Punch,  43 (1862), 165.

A Voice from Cambridge

Anon

Genre:

Poetry, Drollery; Address, Drollery

Subjects:

Societies, Patronage, Meteorology, Astronomy, Natural Law, Observatories, Instruments, Measurement, Mapping, Exploration, Progress, Organic Chemistry


    A reference to the recent meeting of the British Association for the Advancement of Science, the events of the poem are set in the Cambridge Guildhall. The poem parodies the address of the association's president, Robert Willis (a version of which was published as Willis 1863), who opens by relishing the 'twenty thousand pounds' being 'lent or spent or given or lost' on such schemes as finding out 'why the lightning quivers' and 'some physical cause / That superintends all physical laws'. Goes on to outline the president's discussion of the instruments used at the Royal Observatory, Kew, notably Warren De La Rue's 'Photo-Heliograph' which the astronomer took to Spain to 'observe the eclipse', and a range of other instruments with which the observatory is 'infested'. The president then describes surveys undertaken of the British coast and distant British colonies, all done 'Very magnetically, / Hydrotheoretically', pauses to reflect on the 'progress, / Of Science', Charles-Eugène Delaunay's imminent book on the moon, and then outlines James Glaisher's heroic ascent to the 'starry heights of heaven', and the way in which 'Chemistry thrives' on the discovery of new hydrocarbon compounds.
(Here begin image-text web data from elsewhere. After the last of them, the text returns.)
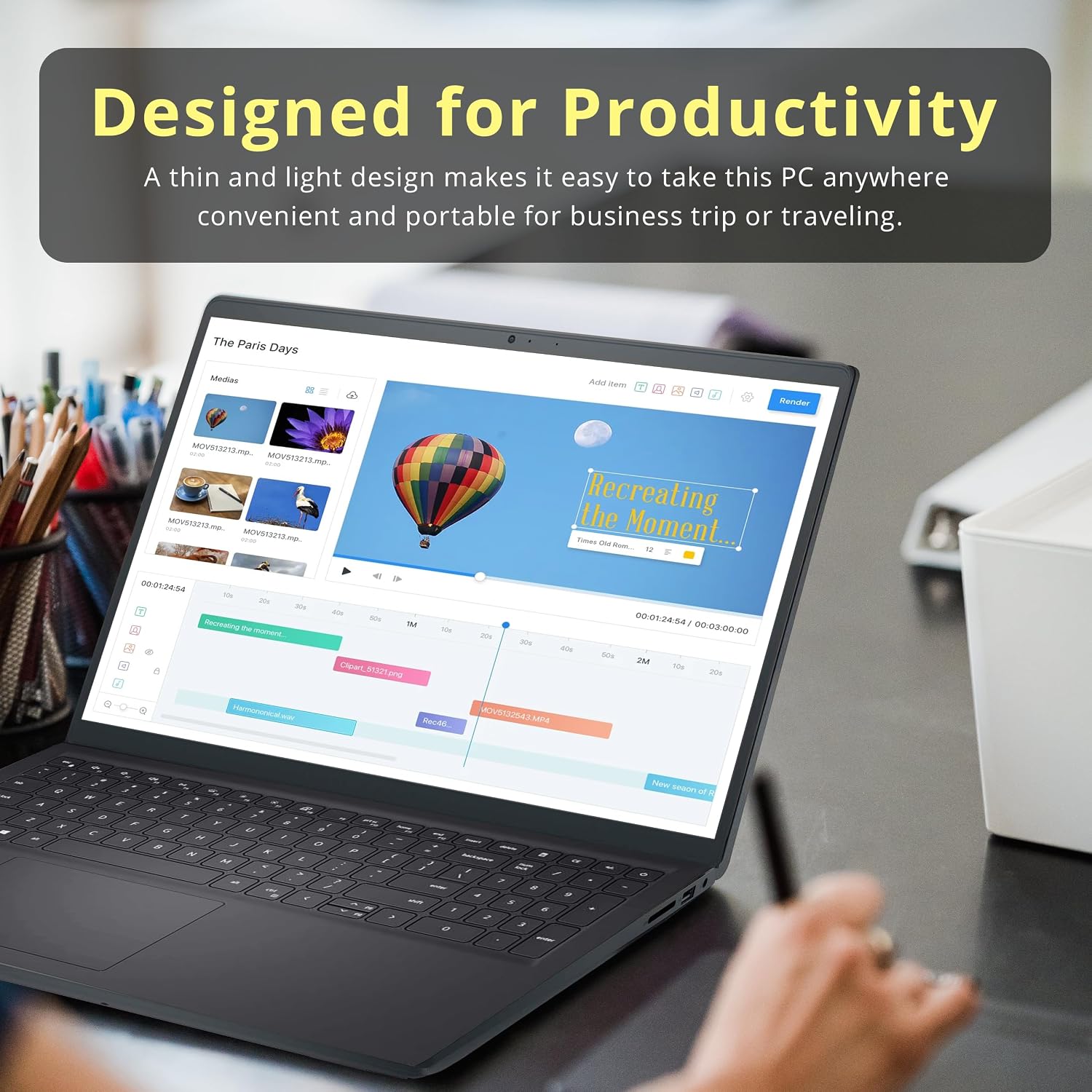 Dell Inspiron 15.6' FHD Touchscreen Laptop, Intel i7-1355U, 16GB RAM, 2TB Storage (1TB SSD+1TB Docking Station Set), Intel UHD Graphics, Numeric Keypad, 720p Webcam, Wi-Fi 6, Win 11 Pro, Black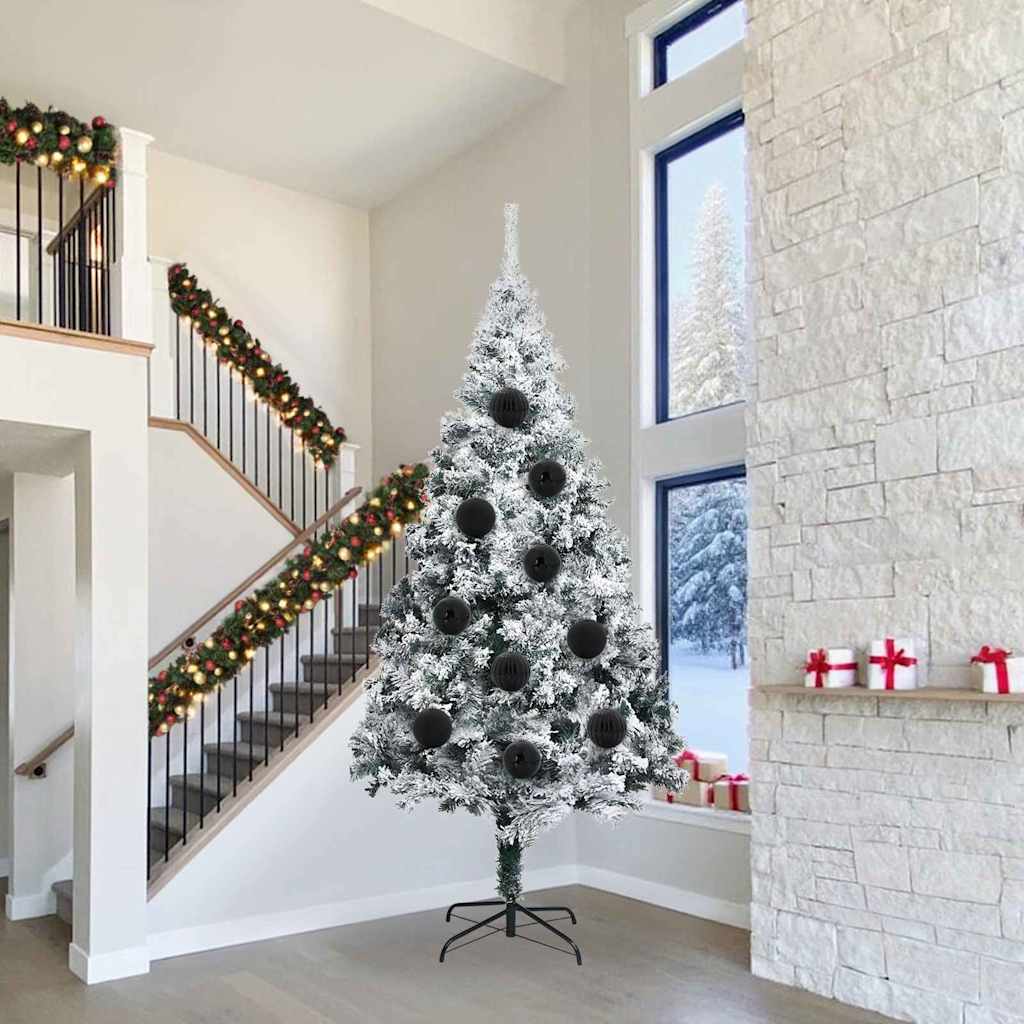 Weihnachtskugel-Set 4 pcs Schwarz Kunststoff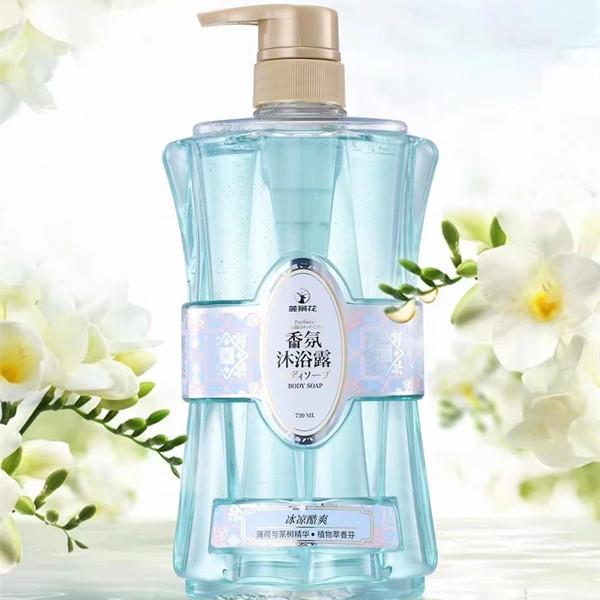 Cheap Mint Fresh Herbal Shower Gel Natural Ingredients Shea Butter For SPA for sale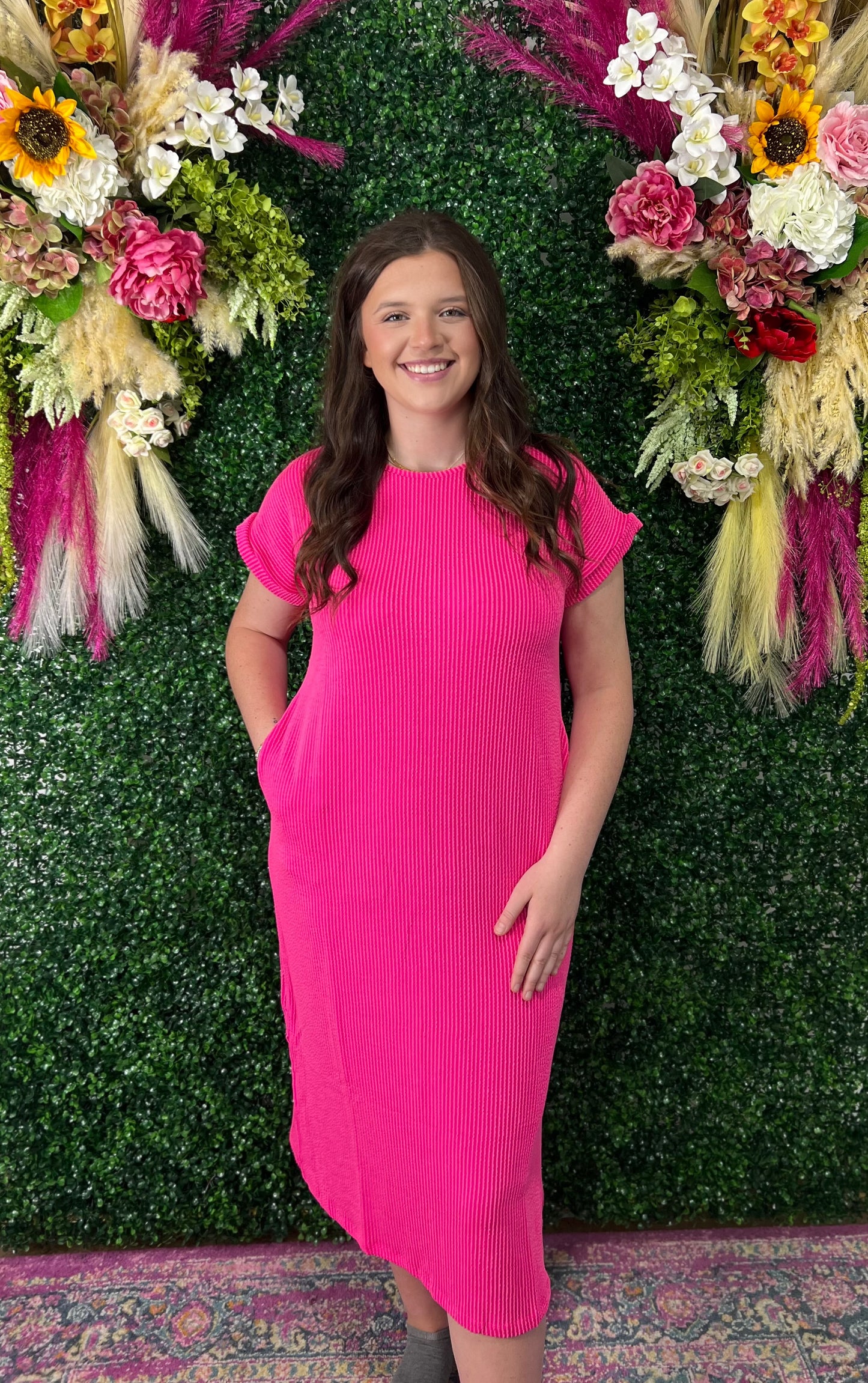 Bubblegum Breeze Midi dress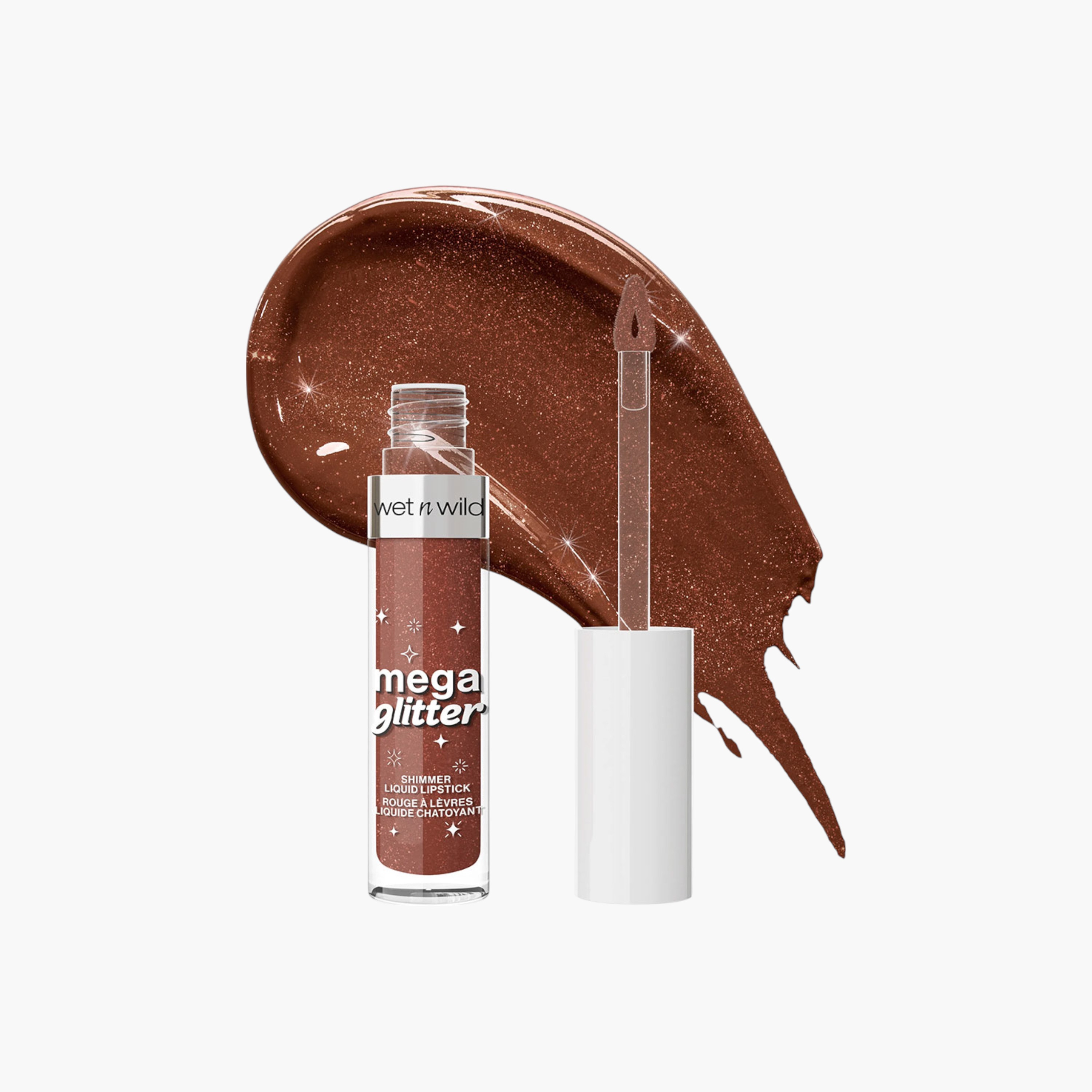 أحمر شفاه سائل لامع ميجا جليتر شيمر من ويت آند وايلد-beautyandpersonalcare-makeup-lips-liquidlipsticks-image-2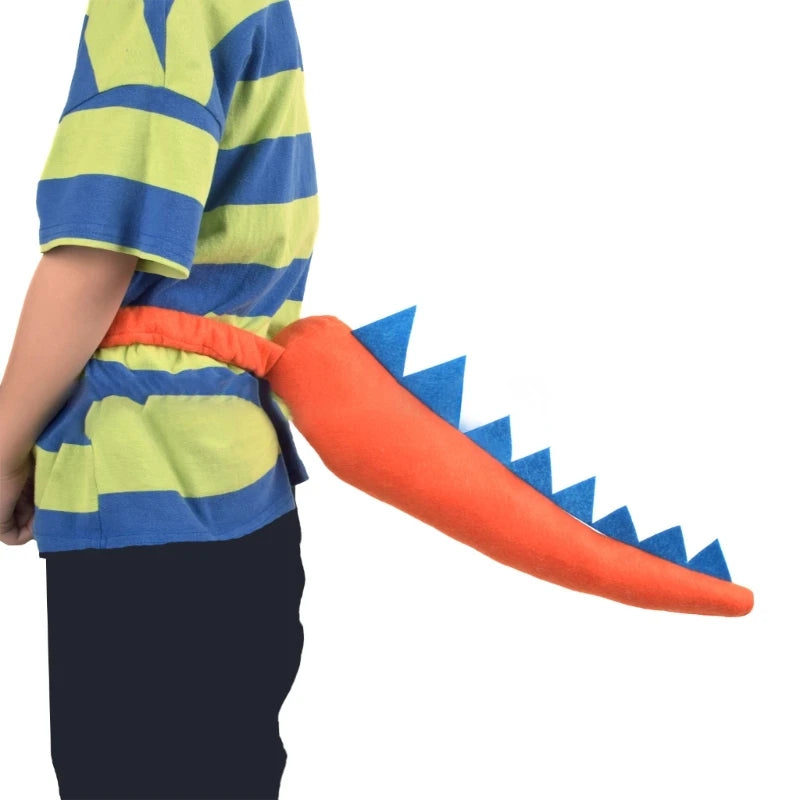 Kids Funny Dinosaur Tail Halloween Tail Costume Dinosaur Dress up Costume Accessories for Boy Girl Children - product image 2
Also notes John S Russell's connection of the 'force and form / Between a model ship in a storm' and large waves, and William Fairbairn's report of prodigious firing of artillery at Shoeburyness (a version of which was published as Fairbairn 1863). Ends by noting how the International Exhibition demonstrates the virtues of 'competition / In things of mechanical power', the increasingly dramatic speed of new locomotives.